* **PROMPT**: In the records below, find the line containing "Détail de la", then print it and every following line exactly, through the last, without pictures.

(DATA FOR THIS EXERCISE Opens)

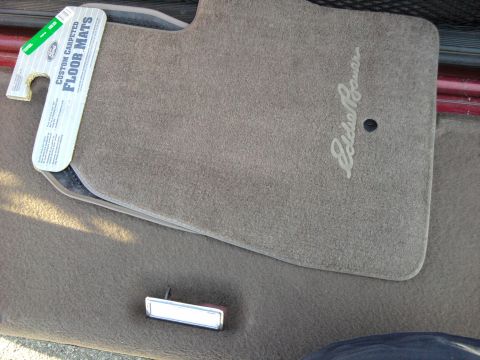 1994 Ford Bronco - A new tan carpeted floor mat embroidered with the "Eddie Bauer" script logo laid on matching tan carpet, still wearing its Ford "Custom Car…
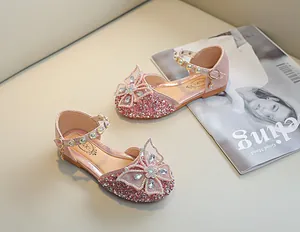 Détail de la chaussure de princesse rose avec paillettes et un grand nœud en strass brillant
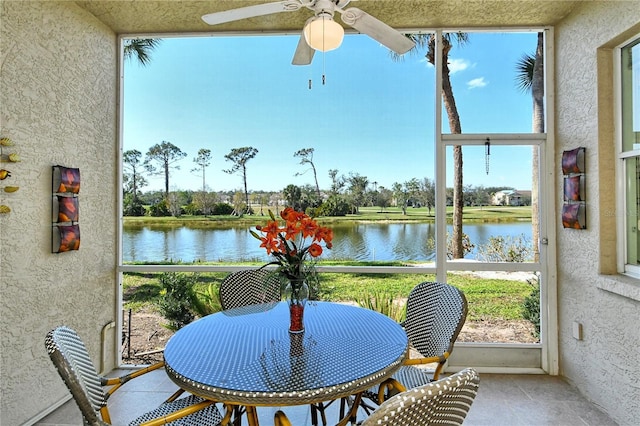 sunroom / solarium with a water view and ceiling fan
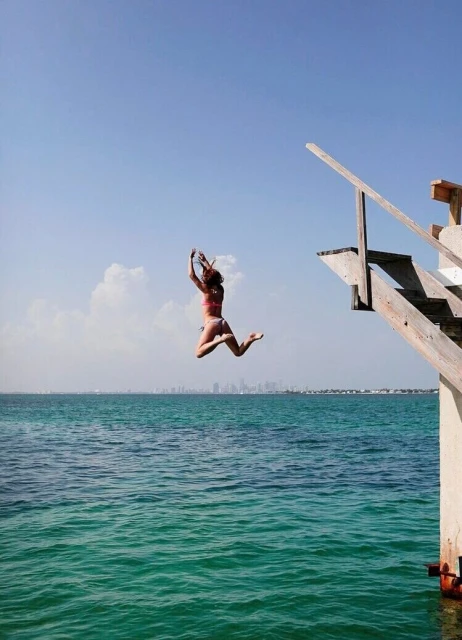 A woman in a swimsuit jumps from a wooden dock into turquoise ocean water under a clear blue sky with a cityscape on the horizon.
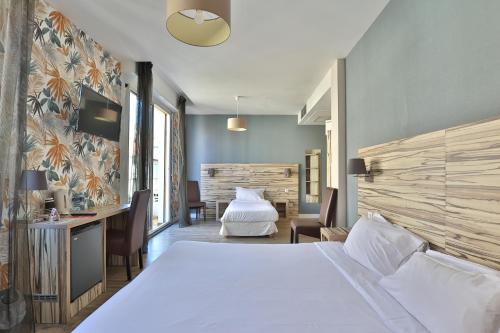 - une chambre avec un grand lit blanc et un bureau dans l'établissement Brit Hotel Marbella, à Biarritz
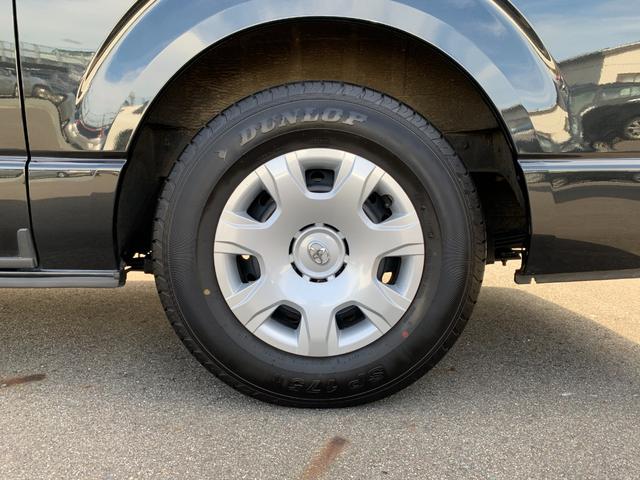 ハイエースバン スーパーＧＬ　ダークプライムＩＩ　４ＷＤ　禁煙車　ベッドキット　ＳＤナビフルセグＴＶ　バックカメラ　記録簿　ＥＴＣ　衝突被害軽減装置　ハーフレザー　イージークローズ付両側スライドドア　ＬＥＤオートライト　スマートキー　オートエアコン（48枚目）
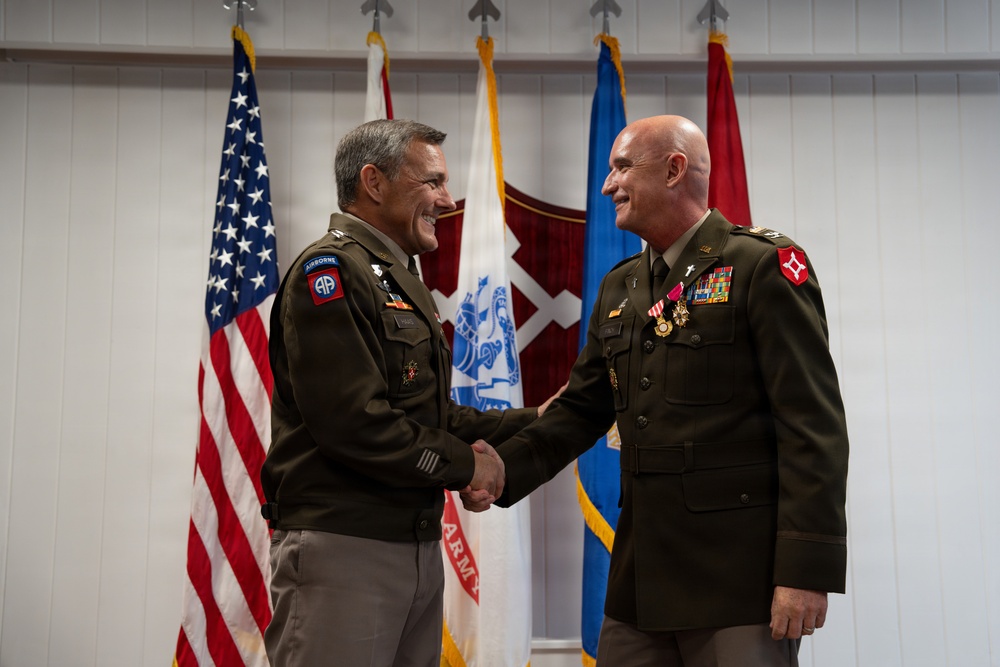 Two U.S. Army officers in dress green uniforms are shaking hands during what appears to be a formal military ceremony. The officer on the left wears an 82nd Airborne Division patch, while the officer on the right displays multiple medals and ribbons along with a chaplain's cross insignia. Several military and U.S. flags are displayed in the background.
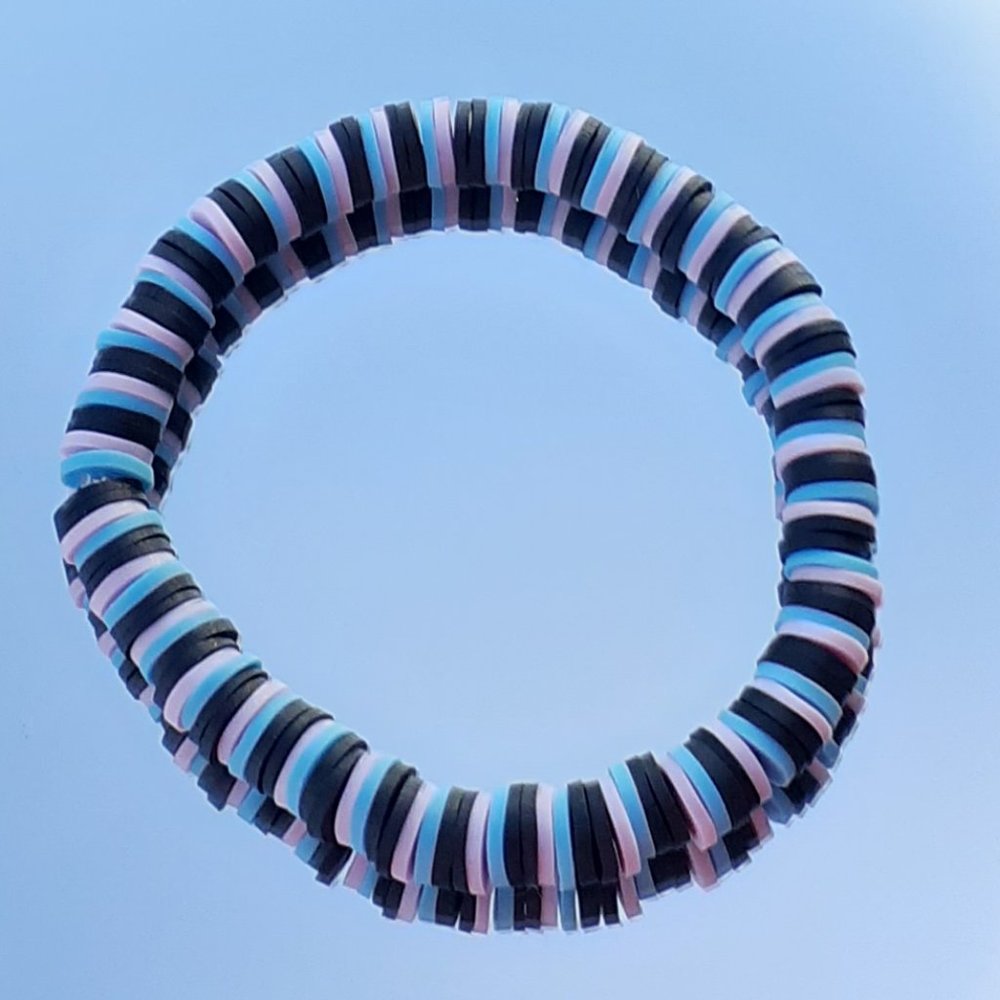 Clay bead stretchy string bracelet When you buy 2 you get 1 free bracelet!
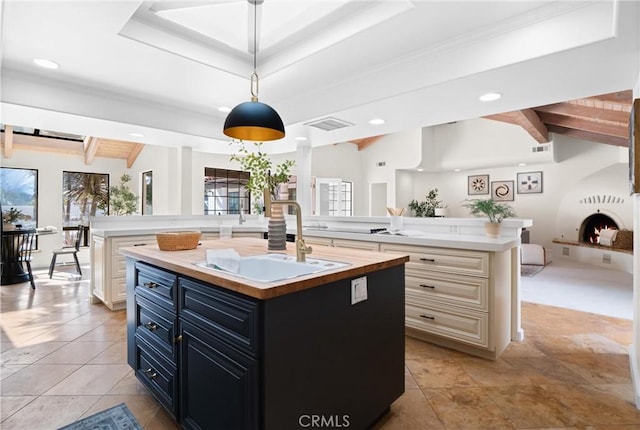 kitchen featuring lofted ceiling with beams, sink, hanging light fixtures, and a center island with sink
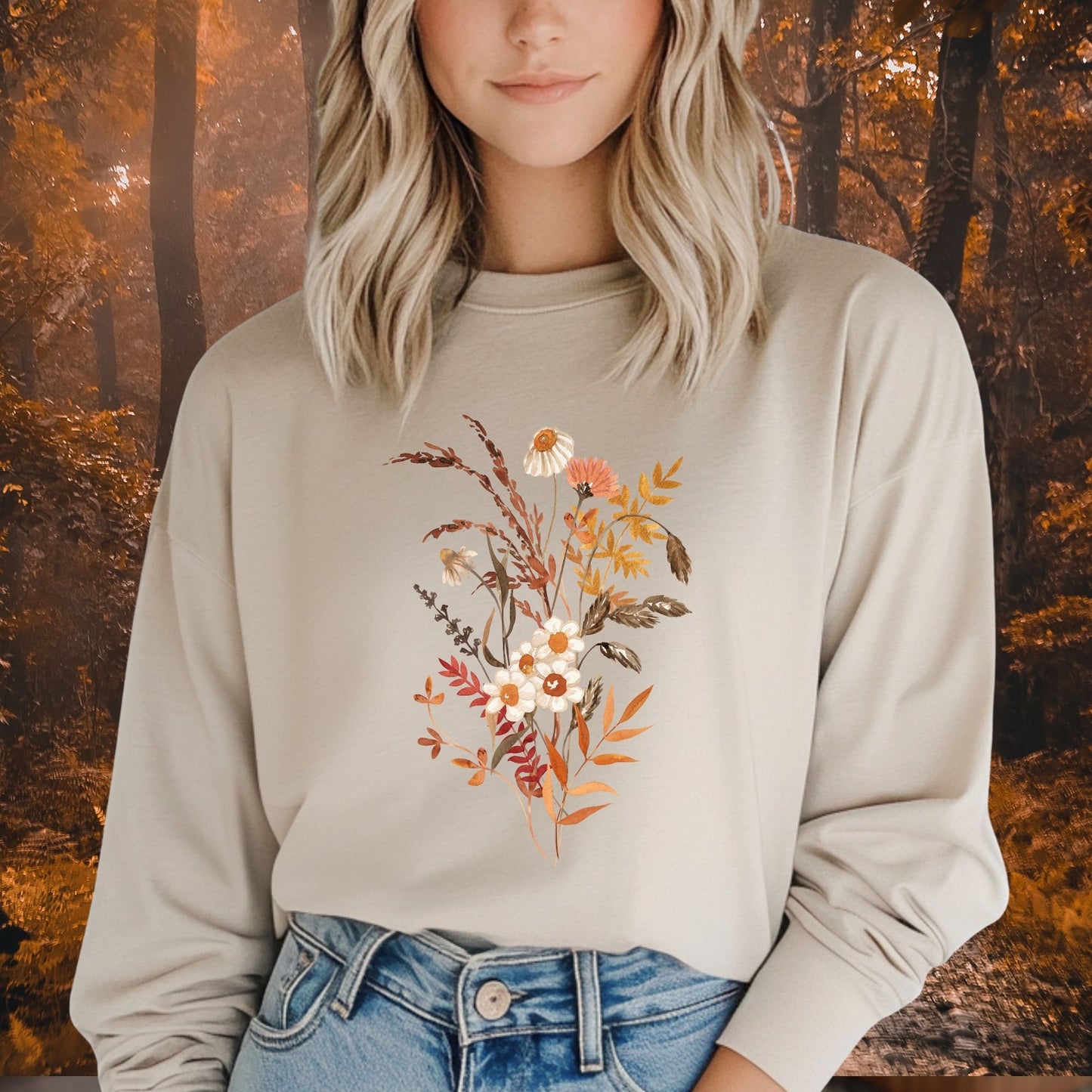 Woman in a beige long sleeve tee with a watercolor autumn wildflower and botanical design.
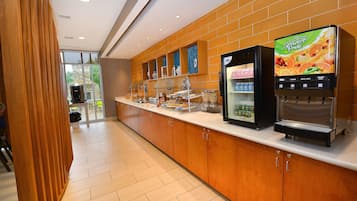 A breakfast bar with a juice dispenser and a refrigerator.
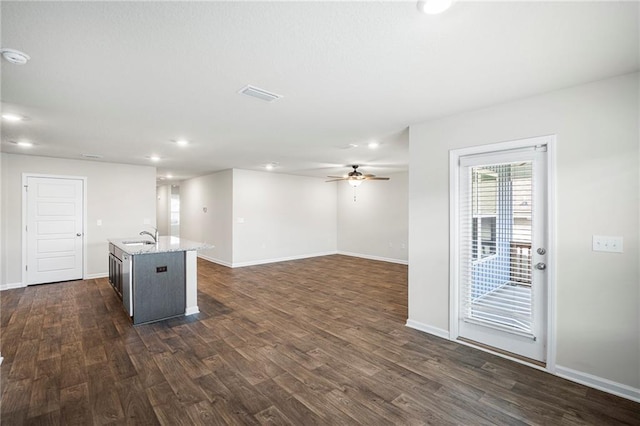 10529 Wales Ln, Spanish Fort, AL 36527 - kitchen with dark wood-style floors, an island with sink, a ceiling fan, light stone counters, and recessed lighting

(DATA FOR THIS EXERCISE Closes)

* **EXERCISE ANSWER**:
 Détail de la chaussure de princesse rose avec paillettes et un grand nœud en strass brillant
 sunroom / solarium with a water view and ceiling fan
 A woman in a swimsuit jumps from a wooden dock into turquoise ocean water under a clear blue sky with a cityscape on the horizon.
 - une chambre avec un grand lit blanc et un bureau dans l'établissement Brit Hotel Marbella, à Biarritz
 ハイエースバン スーパーＧＬ　ダークプライムＩＩ　４ＷＤ　禁煙車　ベッドキット　ＳＤナビフルセグＴＶ　バックカメラ　記録簿　ＥＴＣ　衝突被害軽減装置　ハーフレザー　イージークローズ付両側スライドドア　ＬＥＤオートライト　スマートキー　オートエアコン（48枚目）
 Two U.S. Army officers in dress green uniforms are shaking hands during what appears to be a formal military ceremony. The officer on the left wears an 82nd Airborne Division patch, while the officer on the right displays multiple medals and ribbons along with a chaplain's cross insignia. Several military and U.S. flags are displayed in the background.
 Clay bead stretchy string bracelet When you buy 2 you get 1 free bracelet!
 kitchen featuring lofted ceiling with beams, sink, hanging light fixtures, and a center island with sink
 Woman in a beige long sleeve tee with a watercolor autumn wildflower and botanical design.
 A breakfast bar with a juice dispenser and a refrigerator.
 10529 Wales Ln, Spanish Fort, AL 36527 - kitchen with dark wood-style floors, an island with sink, a ceiling fan, light stone counters, and recessed lighting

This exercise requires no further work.